## TASK GOAL:
Each line of the data must reappear exactly in your answer, with no images included.

## DATA SHOWN:
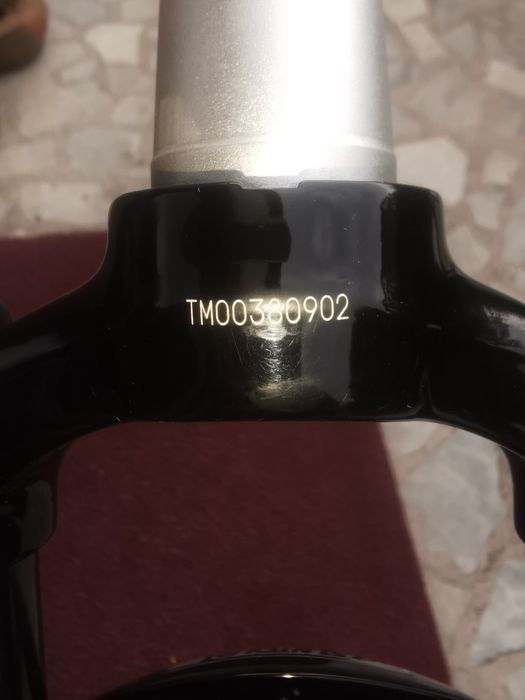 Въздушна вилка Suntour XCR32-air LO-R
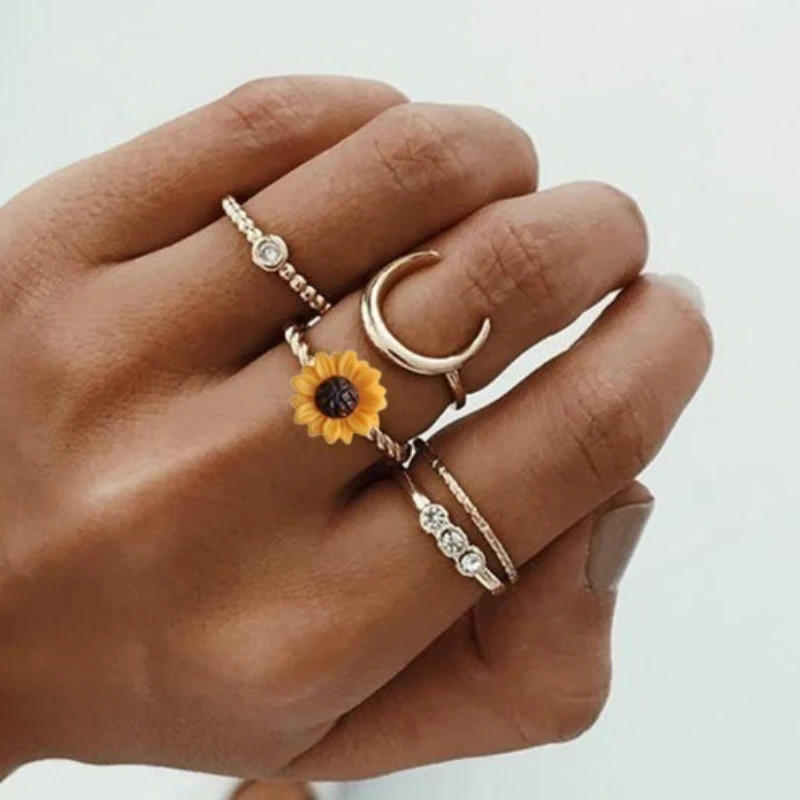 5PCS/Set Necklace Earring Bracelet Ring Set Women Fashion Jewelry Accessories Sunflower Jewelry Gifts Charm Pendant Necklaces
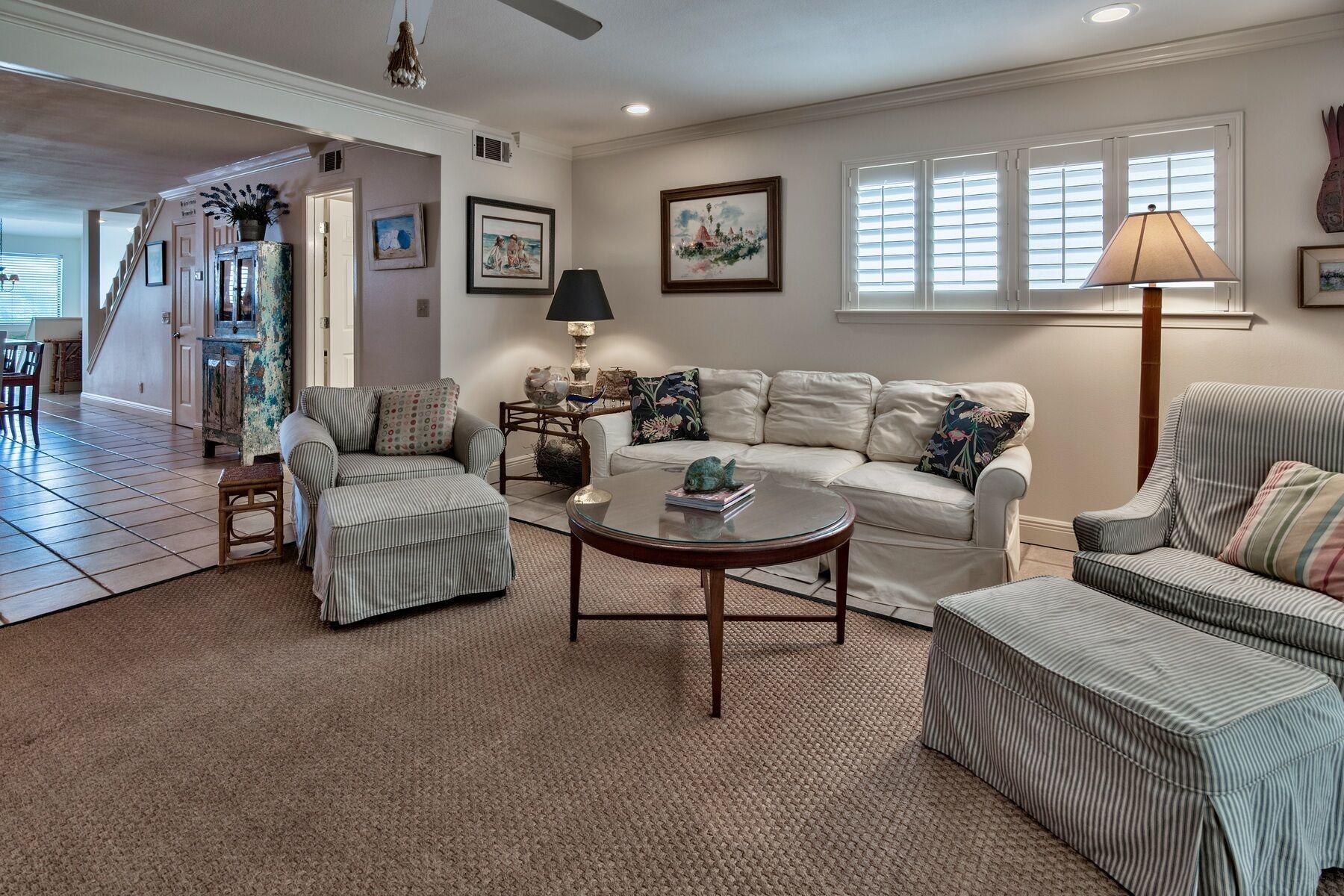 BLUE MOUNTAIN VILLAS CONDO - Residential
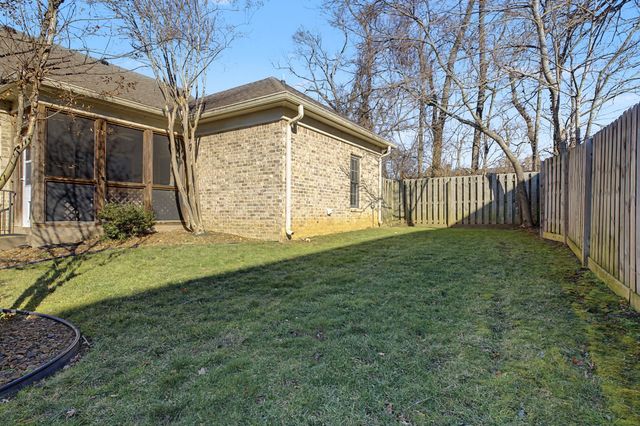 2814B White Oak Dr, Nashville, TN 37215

## RESULT OF THE TASK:
 Въздушна вилка Suntour XCR32-air LO-R
 5PCS/Set Necklace Earring Bracelet Ring Set Women Fashion Jewelry Accessories Sunflower Jewelry Gifts Charm Pendant Necklaces
 BLUE MOUNTAIN VILLAS CONDO - Residential
 2814B White Oak Dr, Nashville, TN 37215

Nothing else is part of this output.